Mike Fenoff found this nice 8-pointer dead last week in Elizabethtown, apparently a victim of a vehicle collision. The deer’s antlers were still very much attached to its skull.
An interesting anomaly seems to be occurring this year with the deer herd in the form of bucks bouncing around in mid February still wearing head gear.
Normally, bucks will have shed their antlers by this time, making way for next year’s set. It is unusual to see antlers on a deer in mid to late February, but that is exactly what outdoorsmen are reporting and many are attributing it to the warmer than normal temperatures we’ve enjoyed this winter.

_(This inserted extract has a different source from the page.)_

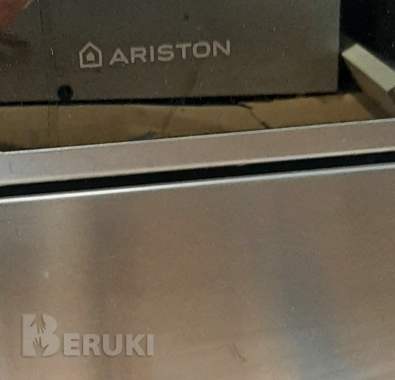 Электроплита 2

I myself saw a nice, high, 6-point behind the house the other day, and my old hunting chum Mike Fenoff stumbled across a dead 8-pointer in Elizabethtown that was showing no sign of shedding its antlers.
“These antlers were not loose at all,” Mike said. “I picked him up by them.”
Senior DEC Wildlife Biologist Ed Reed said that while unusual, a buck still having its horns this time of year is not unheard of. And, he said the milder than normal winter we’ve experienced probably has little to do with the fact that some deer have yet to drop their antlers.
“I really don’t think the weather has had any affect, it is the length of the daylight and a drop in testosterone following the rut that controls it,” Reed said.
The way that daylight affects antler growth is complicated. But, to simplify things, the shorter the day length, the less testosterone produced by a deer.
That’s because the length of a day from sun up to sun down is sensed by a deer’s eyes, which controls the release of different hormones. One of those hormones controls testosterone.
So, when the days grow shorter in late fall, testosterone levels drop causing a layer of cells between the antler base and the point where it mounts to the head — called the pedicle — to weaken. Eventually, both antlers fall off, a process that normally takes place over the course of a couple weeks.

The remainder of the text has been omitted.